Tax Flexibility and Benefits
While LLC members are said to hold their business at arm’s length for liability purposes, the same is not necessarily true in every case for tax purposes. For some businesses, organizing as an LLC allows the members to pass the profits or losses of a business on to their personal tax returns (known as pass-through taxation), avoiding the possibility of “double taxation” at both the business entity and personal levels.
In other cases, owners of an LLC can choose to be taxed as a corporation, depending on their preferences. The LLC provides an enviable level of flexibility in this area since every business will have different needs when it comes to tax treatment.
For small business owners, credibility is often a key component in appealing to investors. LLCs are an increasingly common business structure that many people associate with savvy business operations, meaning that the “LLC” tag behind the name of the company will often convey competence and credibility.
What Are Some Key Considerations Before Forming an LLC?
Even with the benefits of organizing as an LLC, this business structure is not always the perfect fit for every company’s needs. Here are a few points to keep in mind before deciding.
Tracking State Regulations With Mosey
Because the LLC is a relatively new business structure, each state has a different LLC statute. As a result, multi-state companies that organize as an LLC, as well as companies with remote workers in several states, need to keep tabs on different state laws. This can be hard to keep up with for smaller businesses. For instance, states differ over the specifics of LLC operating agreements as well as the frequency of filing annual reports.
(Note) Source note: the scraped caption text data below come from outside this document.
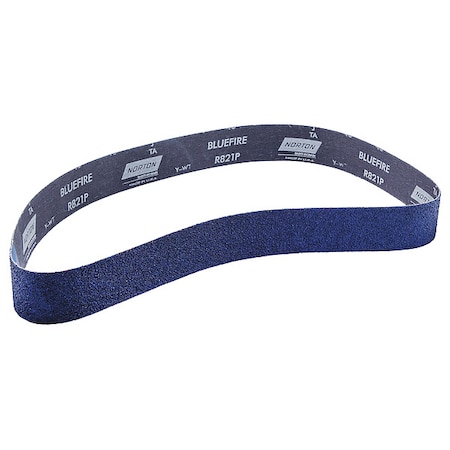 Sanding Belt, 2 in W, 48 in L, Coated, Zirconia Alumina, 40 Grit, Extra Coarse, BlueFire R821P MPN:78072727102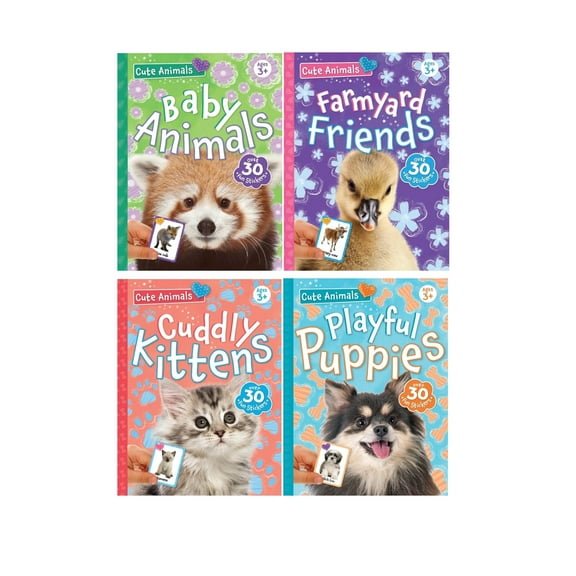 Cute Animals Poster Sticker Book - 4-Book Bundle for Kids Ages 3+, 400+ Stickers, 28 Mini Posters, 4 Giant Fold-Out Posters in 48 Full-Color Pages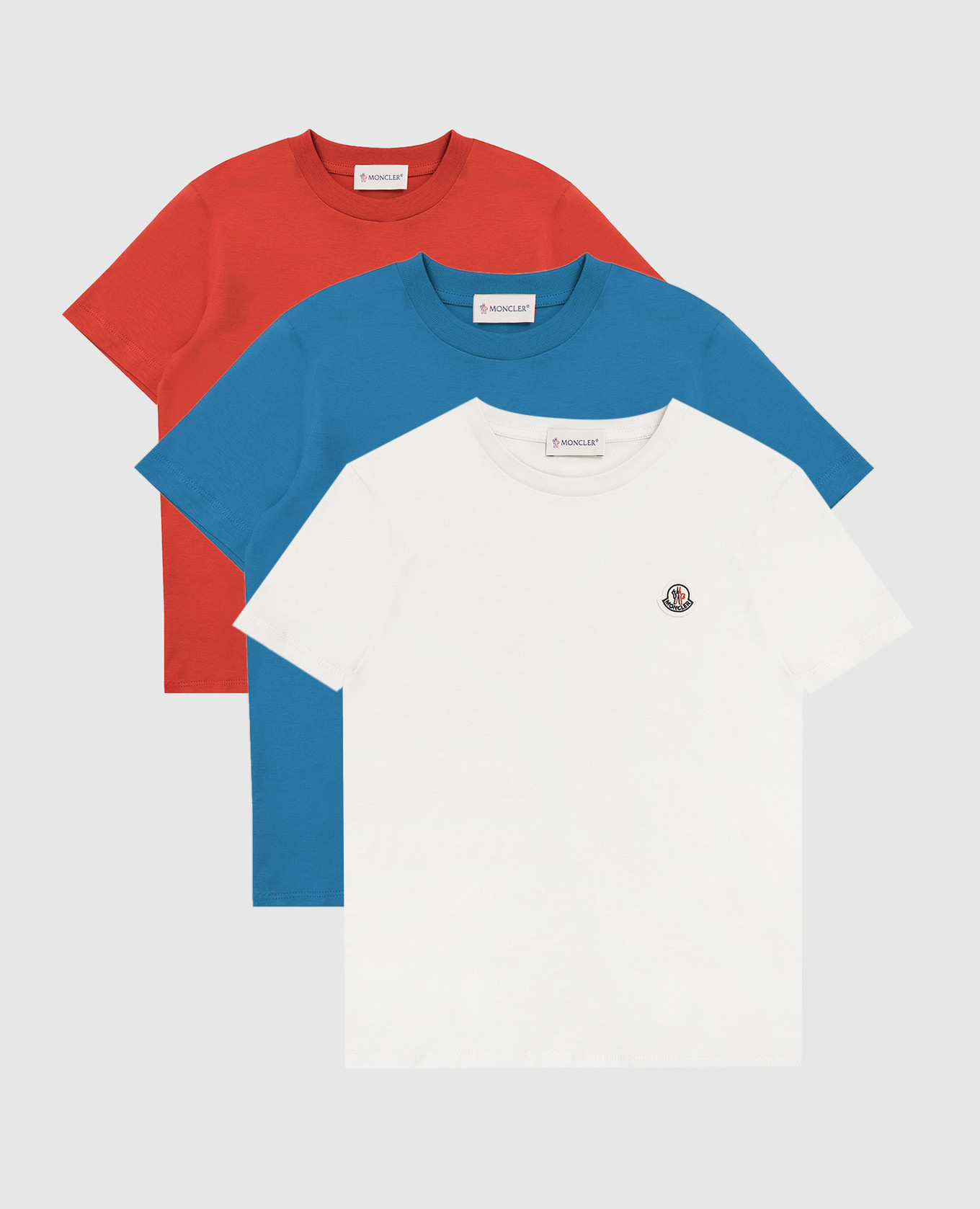 

Children's set of T-shirts with logo patch Moncler ENFANT, White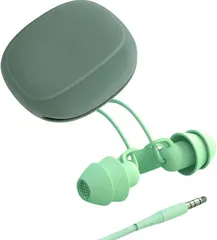 Lunache ✦ルナシェ✦ 寝ホン 睡眠用 イヤホン 有線 耳が痛くない 寝返りしてもいたくない 寝落ち用 ソフトカラー 寝ながら聞く 学習 寝る時用 3.5ｍｍ アイフォン スマホ 寝フォン ASMRに(グリーン＋ケース付)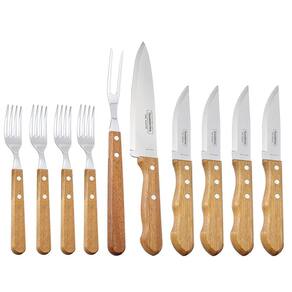 Conjunto para Churrasco 10 Peças Inox e Madeira Tramontina 30215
On top of the evolving LLC laws around the country, state requirements for LLCs also vary, making compliance tools key. Mosey is a platform that combines automation and expertise with tools to help companies manage ongoing business compliance requirements at the state and local level, streamline the process of entering a new state, and even keep tabs on upcoming legislation affecting the business.
Although LLCs are generally preferable to sole proprietorships or general partnerships due to their increased protections for members, most states have LLC filing fees and annual fees associated with forming and maintaining an LLC.
This tradeoff is often minimal, as the fees are much lower than the costs of organizing as a business. Each business owner has to assess their needs to make that call.
Limitations on Raising Capital
Because LLCs use a more flexible business structure than corporations, they typically can’t offer shares to potential investors. This could be a limitation in some cases, depending on whether the business model relies heavily on venture capital to start the company.
Generally, LLCs will need to look for investments in smaller banks, take out loans, or possibly offer investors equity in their company. This can be an important consideration depending on the business model in place.
The Bottom Line
LLCs could represent a new frontier for small businesses and startups because of their liability protections, tax benefits, and overall flexibility. LLCs also give business owners the credibility they need to attract interest without weighing the company down with strict regulations.